» **PROBLEM**
Reproduction without pictures: print every entry precisely as written.

» **EXTRACTED RECORDS**

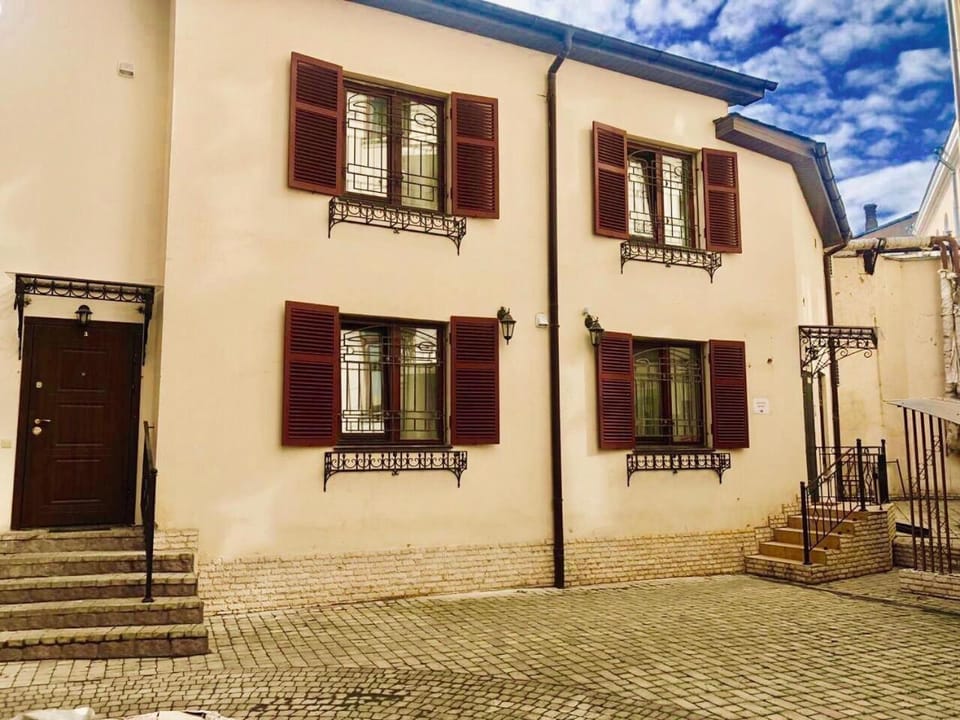 Apart Hotel Quartet Inn in Odessa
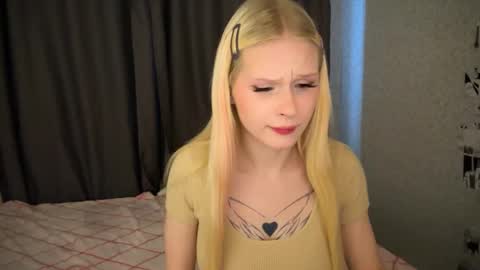 Snapshot of sweetielis chatting on January 2025 10:06:02 AM sweetie Lisa3 online show from January 2025 10:06:02 AM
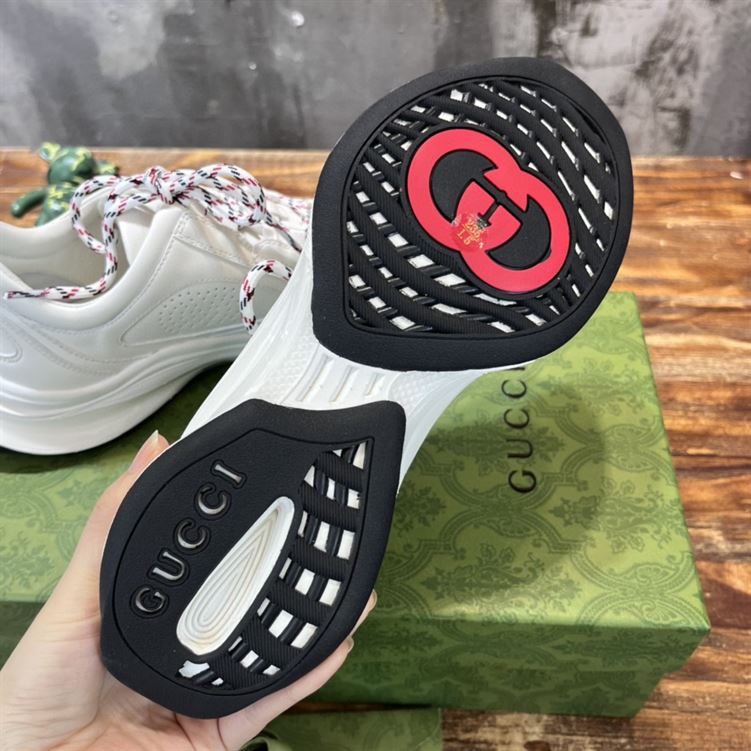 Gvc*1 RUN SIDE-STRIPE SNEAKERS   GCC097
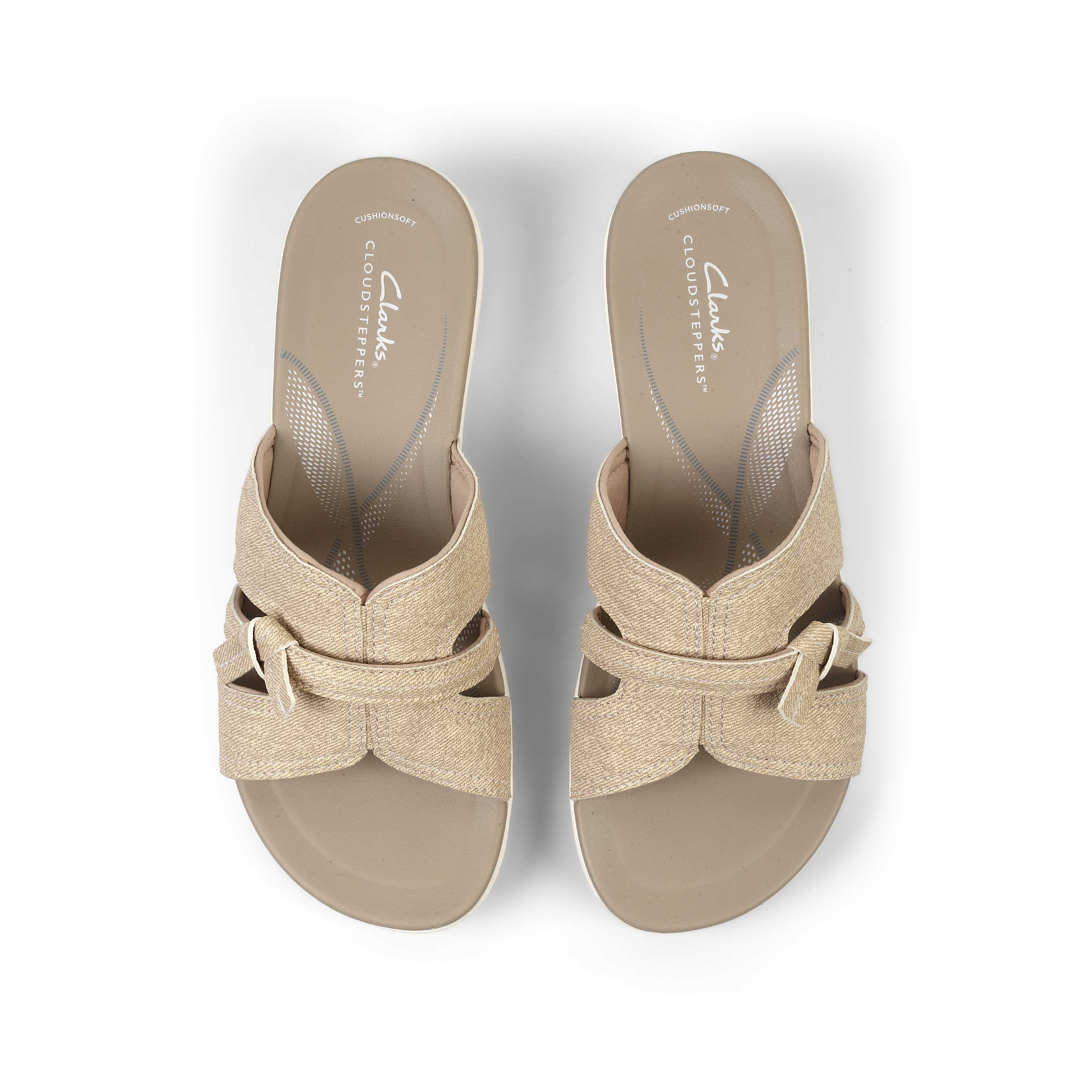 Clarks Women Brinkleyrae Mia Beige Slide - Image 6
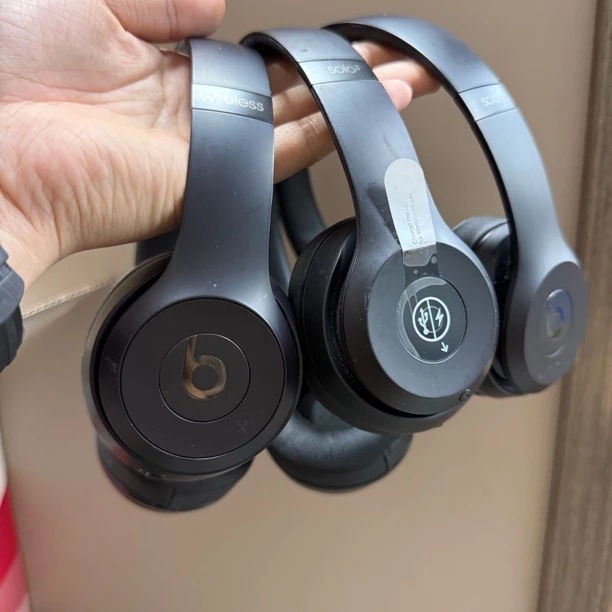 9新 BEATS Solo3 Wireless 头戴式无线蓝牙耳机耳麦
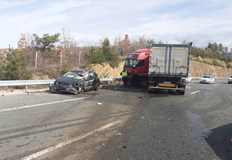 ТИР спука гума при изпреварване и удари кола на АМ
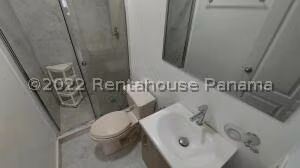 Venta de Apartamento con 97m2 en Obarrio PH Metric 26-7047SR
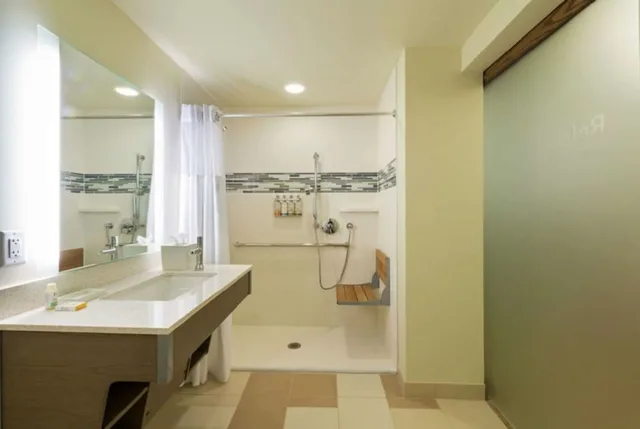 Suite, King Bed, Accessible, EVEN Hotel Rockville Washington DC Area 4/6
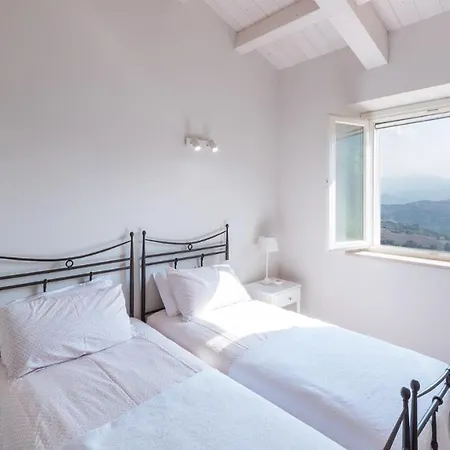Il Casalino 8 Villa Urbino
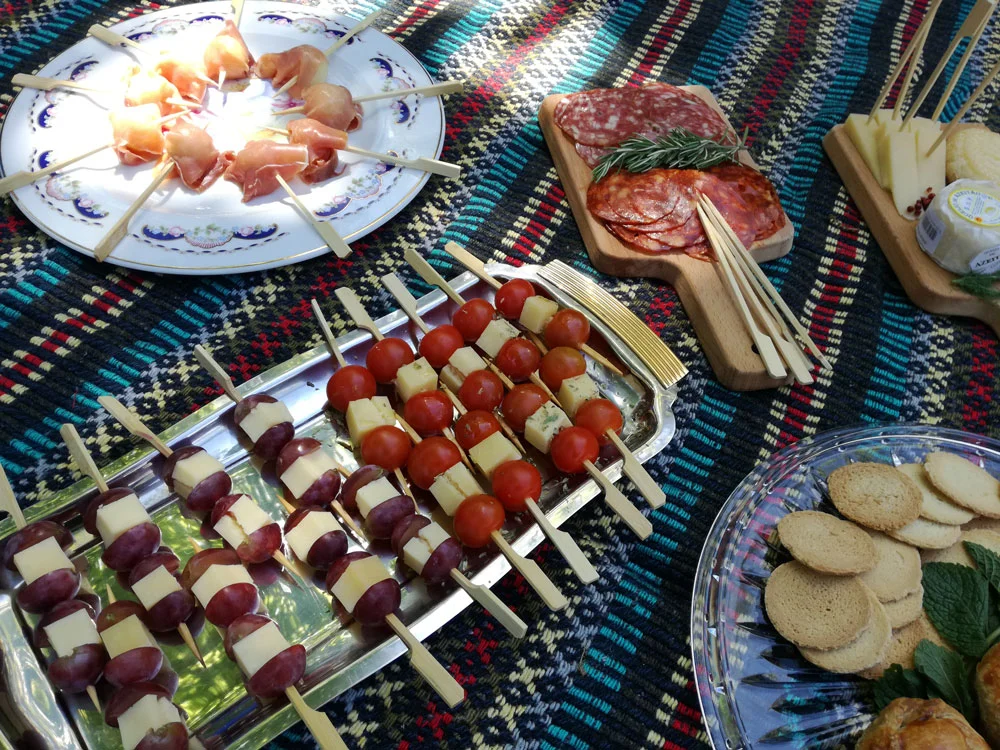 singulartrips-PICNIC-EXPERIENCE01.jpg
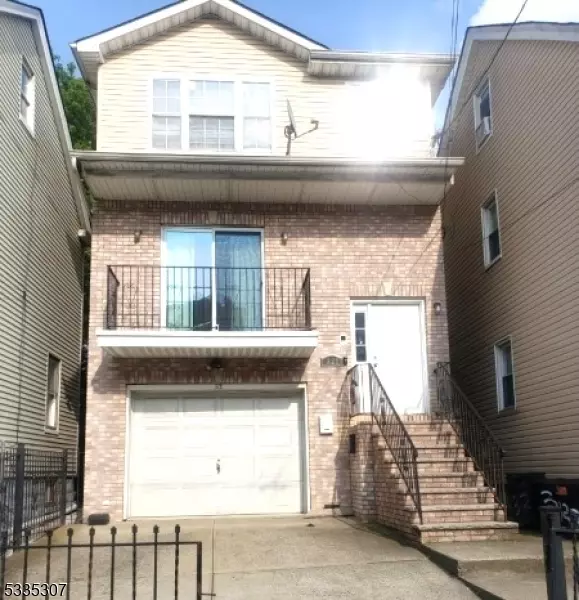 328 S 19th St, Newark City, NJ 07103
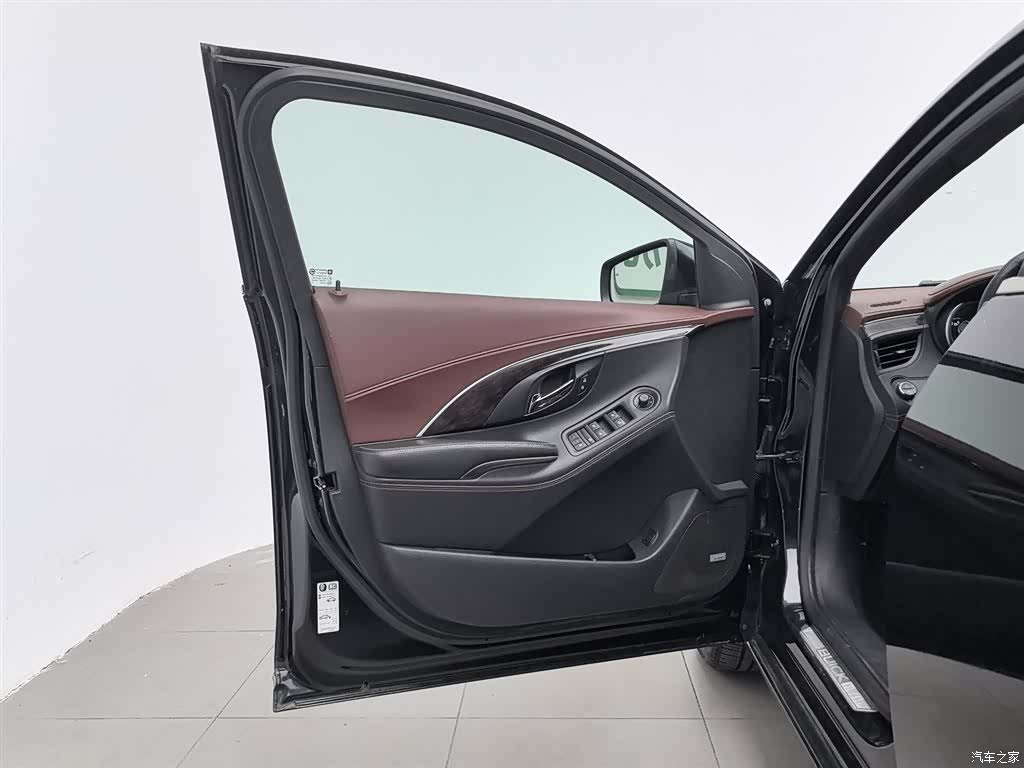Buick LaCrosse, 2015 8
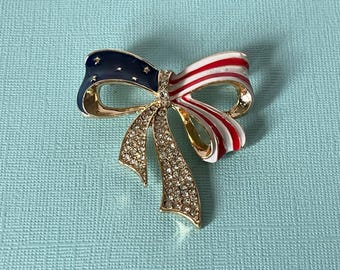 Vintage red, white and blue ribbon pin, flag ribbon pin, patriotic jewelry, MAGA, USA flag brooch, American flag ribbon pin Patriotic ribbon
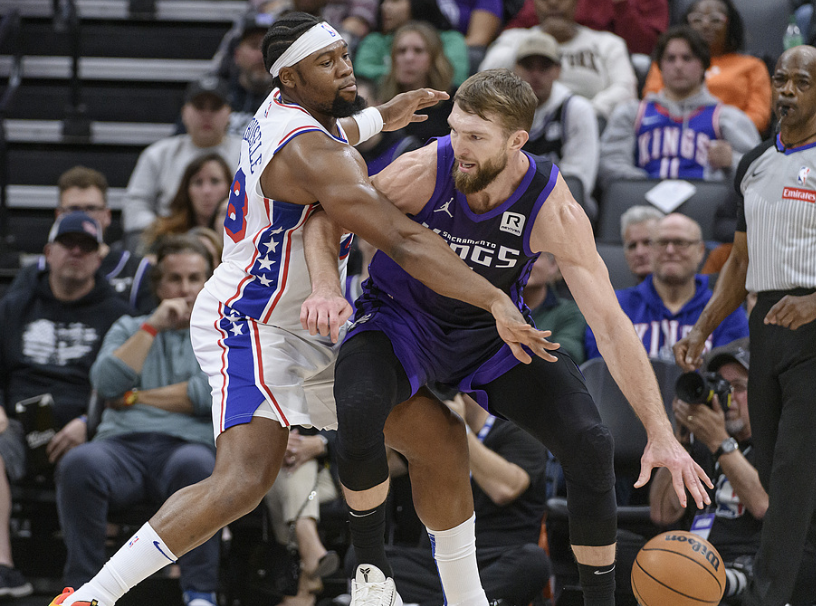 关于76人战胜独行侠，西蒙斯杀出一大波的信息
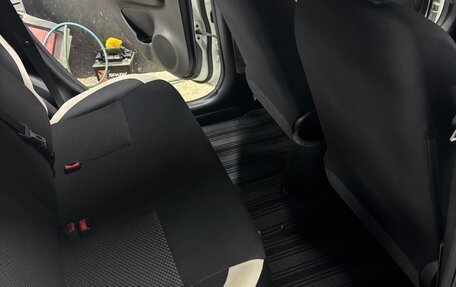 Nissan Note II рестайлинг, 2017 год, 890 000 рублей, 22 фотография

» **WRITTEN REPLY**
 Apart Hotel Quartet Inn in Odessa
 Snapshot of sweetielis chatting on January 2025 10:06:02 AM sweetie Lisa3 online show from January 2025 10:06:02 AM
 Gvc*1 RUN SIDE-STRIPE SNEAKERS   GCC097
 Clarks Women Brinkleyrae Mia Beige Slide - Image 6
 9新 BEATS Solo3 Wireless 头戴式无线蓝牙耳机耳麦
 ТИР спука гума при изпреварване и удари кола на АМ
 Venta de Apartamento con 97m2 en Obarrio PH Metric 26-7047SR
 Suite, King Bed, Accessible, EVEN Hotel Rockville Washington DC Area 4/6
Il Casalino 8 Villa Urbino
 singulartrips-PICNIC-EXPERIENCE01.jpg
 328 S 19th St, Newark City, NJ 07103
Buick LaCrosse, 2015 8
 Vintage red, white and blue ribbon pin, flag ribbon pin, patriotic jewelry, MAGA, USA flag brooch, American flag ribbon pin Patriotic ribbon
 关于76人战胜独行侠，西蒙斯杀出一大波的信息
 Nissan Note II рестайлинг, 2017 год, 890 000 рублей, 22 фотография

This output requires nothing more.